Mingyu baru ingin memasukkan satu jarinya ke dalam lubang berkerut di bawah sana dan Wonwoo sudah hampir memijat kejantanan kekasihnya, sampai

“Ehemm.. get a room, dude!” suara Soonyoung terdengar dari seberang meja counter. Mereka langsung melepaskan tautannya. Wajah Wonwoo memerah menahan malu, berbalik ke arah cangkir tehnya dan seakan mengaduk tehnya kembali. Sedangkan Mingyu berusaha mengancing celana jeans Wonwoo yang tadi sudah terlepas akibat tangan jahilnya.

“Gue cuma mau ngambil pesenan anak-anak, soalnya lo ngga balik-balik—” kata Soonyoung. “Oh iya, sekalian mau ngasih tau kalau kita mau lanjutin meeting lagi.” Soonyoung berkata dengan nada santai. Ini bukan pemandangan pertama untuk Soonyoung. Dia bahkan pernah memergoki Wonwoo sedang masuk ke dalam t-shirt Mingyu ketika di perpustakaan. Tidak tahu apa yang mereka lakukan dan apa yang mereka lakukan setelahnya. Soonyoung hanya tidak perduli.

“Emang otak udah di titit, senggol dikit sangé!” celetuk Soonyoung.

“Tahan dulu sangé-nya sampe pulang. Beresin rapat panitianya dulu.” Saran Soonyoung dan berlalu meninggalkan mereka berdua membawa beberapa kaleng minuman. Sedangkan Wonwoo dan Mingyu kini salah tingkah.

“Ke-gep Nyong lagikan!” Keluh Wonwoo.

“Sial banget Unyoung. Kasian jomblo!” Kata Mingyu santai, merapihkan wajah dan surai Wonwoo yang berantakan karena ciuman tadi, ulahnya.

“Iiiiih... bukan itu sayang. Tapi, aku malu.” Kata Wonwoo, memukul kecil dada yang berotot milik kekasihnya itu, ditangkapnya tangan tersebut dan dikecupi punggung tangan Wonwoo.

“Ngga pa-pa, bukan yang pertama kalinya juga. Kenapa merah banget muka kamu?” Tanya Mingyu, jahil.

“Tau ah, Mingyu! Sebel akunya. Just wanna little kisses bukan jari kamu almost into my hole!” Omel Wonwoo.

“Aku punya privilege tho'!” Ucap Mingyu, masih jahil. “Kamu yang bilang tadi jari aku selalu disambut kalau mau masuk?” Ucap Mingyu.

“Nih buktinya, mana tuh chat kamu tadi pagi.” Mingyu merogoh kantong celananya.

“Iya iya. Okay. Sekarang kita balik dulu ke ruang tengah. Nanti kita lanjutin di kontrakan kamu.” Kata Wonwoo. Mengambil tehnya dan berjalan meninggalkan kekasihnya di dapur.


“Tadi gue di telefon sama Pocari, mereka mau ngadain meeting sama kita dan pengen kita present konsep kita.
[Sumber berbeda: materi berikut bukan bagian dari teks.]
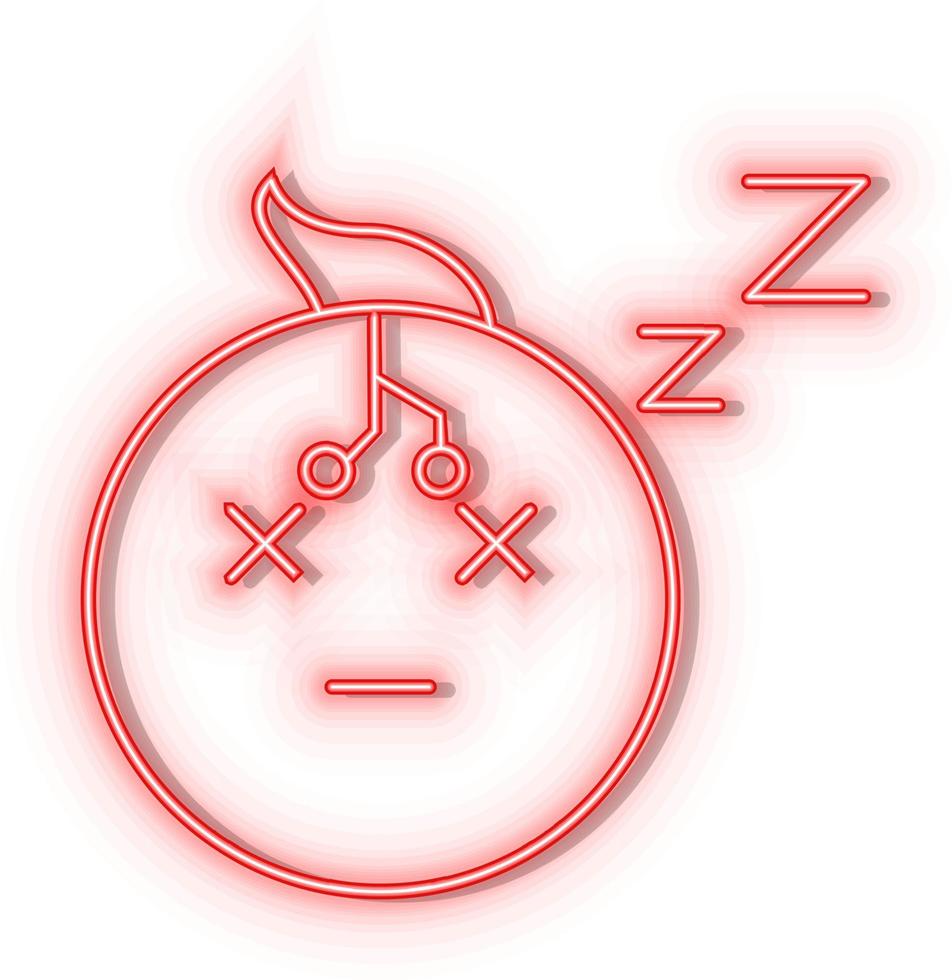 Retro style red neon vector icon intelligence, snooze, robot red neon icon.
Di Pondok Indah.” kata Han, memberi kabar gembira.

“Alhamdulillah, ada yang nyantol.” kata Seungkwan.

“Iya, gue butuh Wonwoo aja sih buat present bareng gue. Kalau Cheol sama Joshi mau ikut juga boleh.” tawar Jeonghan.
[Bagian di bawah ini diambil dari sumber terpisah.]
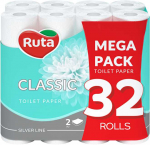 Tualetinis popierius Classic Ruta 32 rit./2sl./145lap. baltas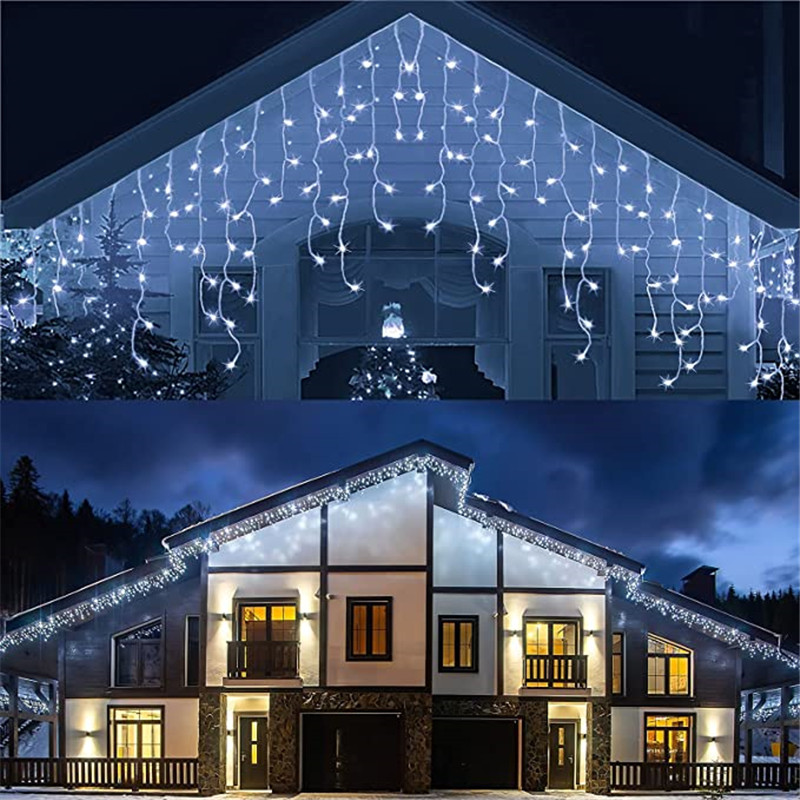 40M Eiszapfen Lichterketten LED Lichterkette Weihnachtsgirlande mit Fernbedienung für Neujahr Party Hochzeit Garten Terrasse Dekor: WHITE / 21-30W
“Hari apa, Kak? Semoga gue ngga ada kelas.” kata Wonwoo bersemangat.

“Rabu depan! Hari ini gue akan beresin proposal yang mau dipresent, lo siapin aja rundown acaranya sama calon pengisi acara. Sama Jihoon, Budgeting tolong double check ya!” kata Han tak kalah semangat. Jihoon dan Wonwoo mengagguk tanda setuju.
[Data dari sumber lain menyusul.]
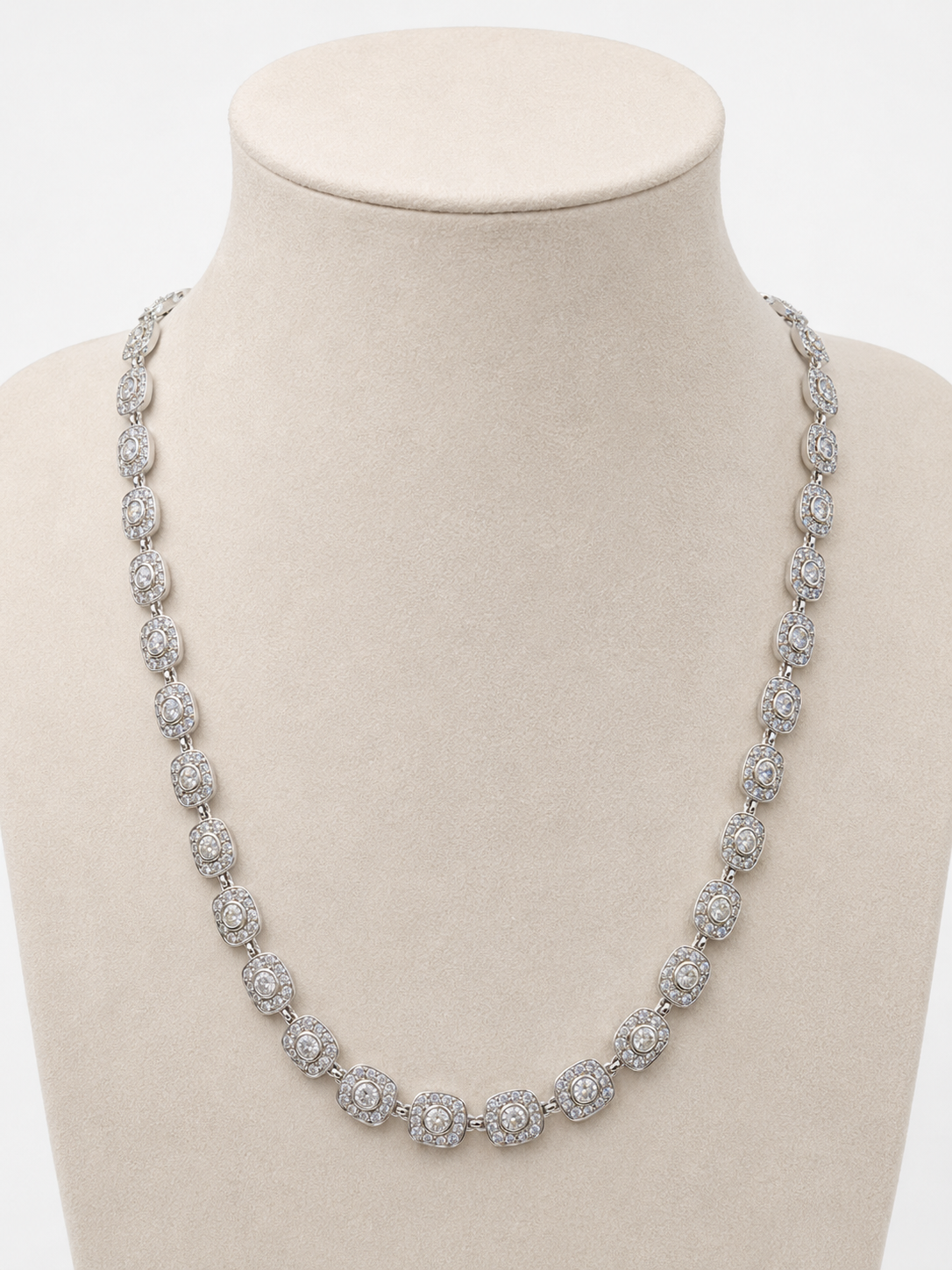 Colier Halo Cushion “Snow Diamond” Oțel Inoxidabil Placat Rodiu cu Zirconiu, 45cm - imagine 2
Meeting berakhir sore, tidak terlalu membawa banyak perubahan, kecuali panitia akan membentuk band agar bisa mendapatkan saweran dari penontonnya, mencoba mencari gigs dalam waktu satu bulan ini. Serta Jihoon dan Wonwoo yang harus segera mempersiapkan proposal untuk first meeting dengan pihak sponsor untuk yang pertama kalinya.